EXERCISE OBJECTIVE:
Restate the data word for word. Leave the pictures out.

DATASET SECTION:
§ §

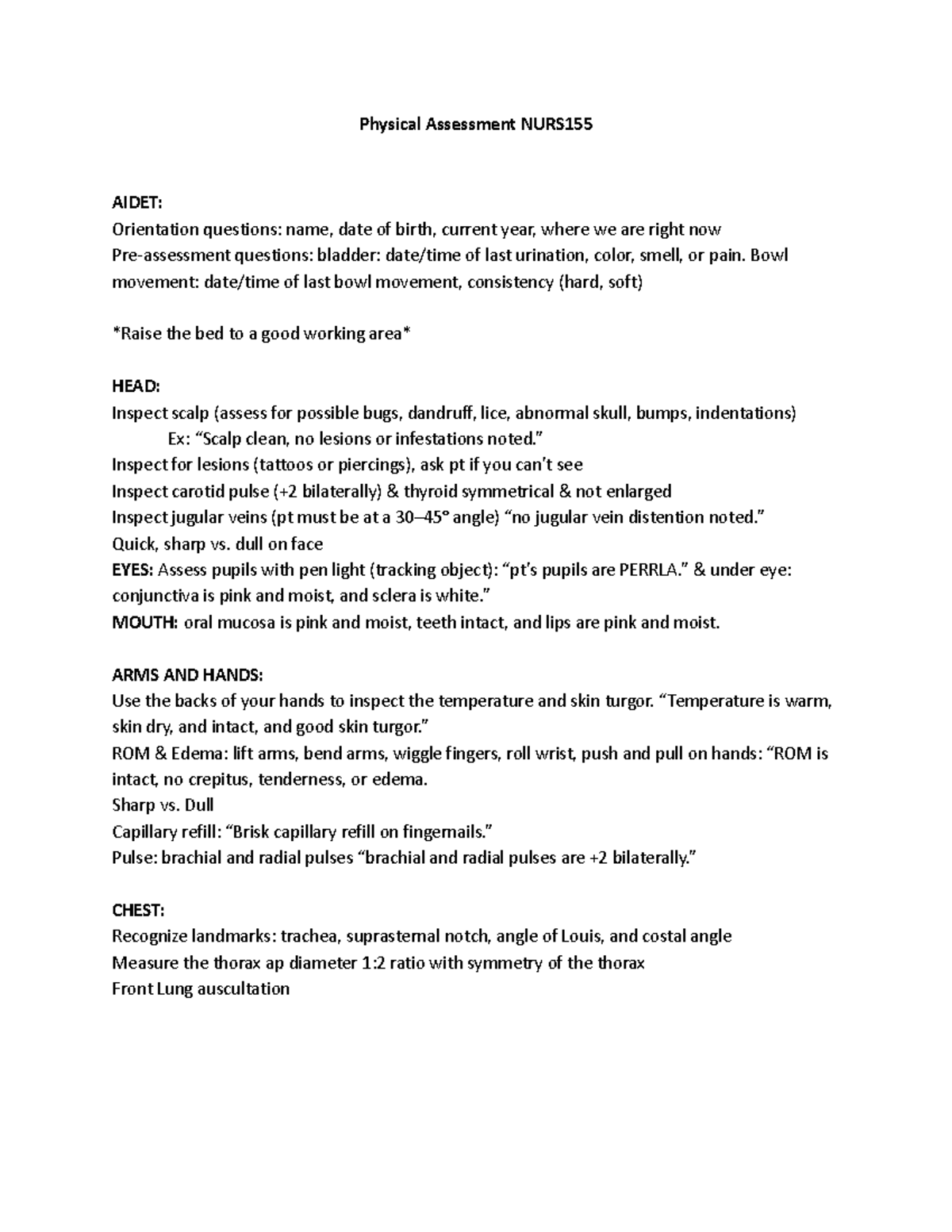 Health Assessment CPE: Physical Assessment Guide for NURS155 - Studocu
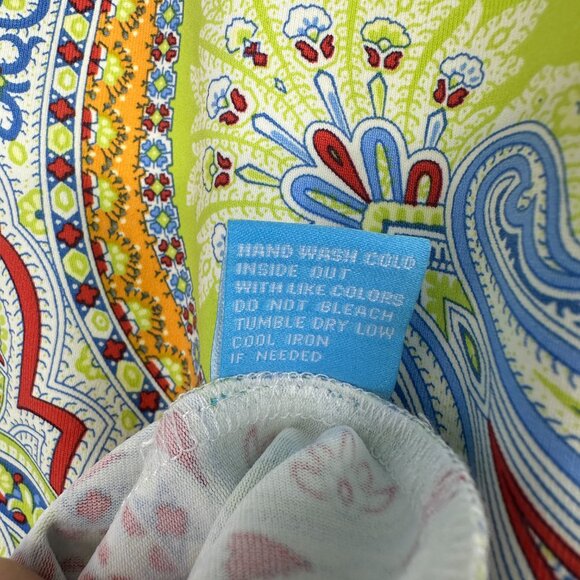 J. McLaughlin Bright Paisley 3/4 Sleeve Shift Dress Catalina Cloth Small - Picture 7 of 8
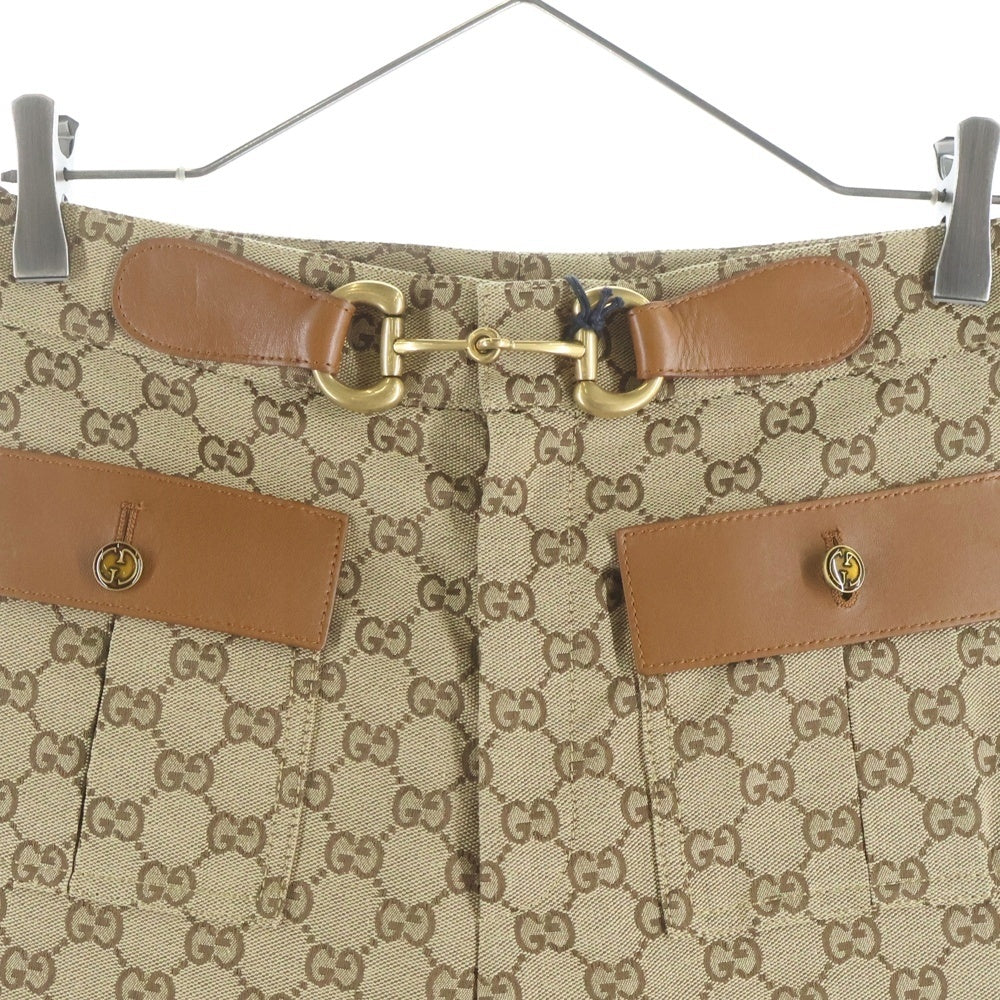 GUCCI(グッチ) GGスプリーム ホースビットベルト ストレートパンツ ブラウン 681507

§ §

ANSWER:
 Health Assessment CPE: Physical Assessment Guide for NURS155 - Studocu
 J. McLaughlin Bright Paisley 3/4 Sleeve Shift Dress Catalina Cloth Small - Picture 7 of 8
 GUCCI(グッチ) GGスプリーム ホースビットベルト ストレートパンツ ブラウン 681507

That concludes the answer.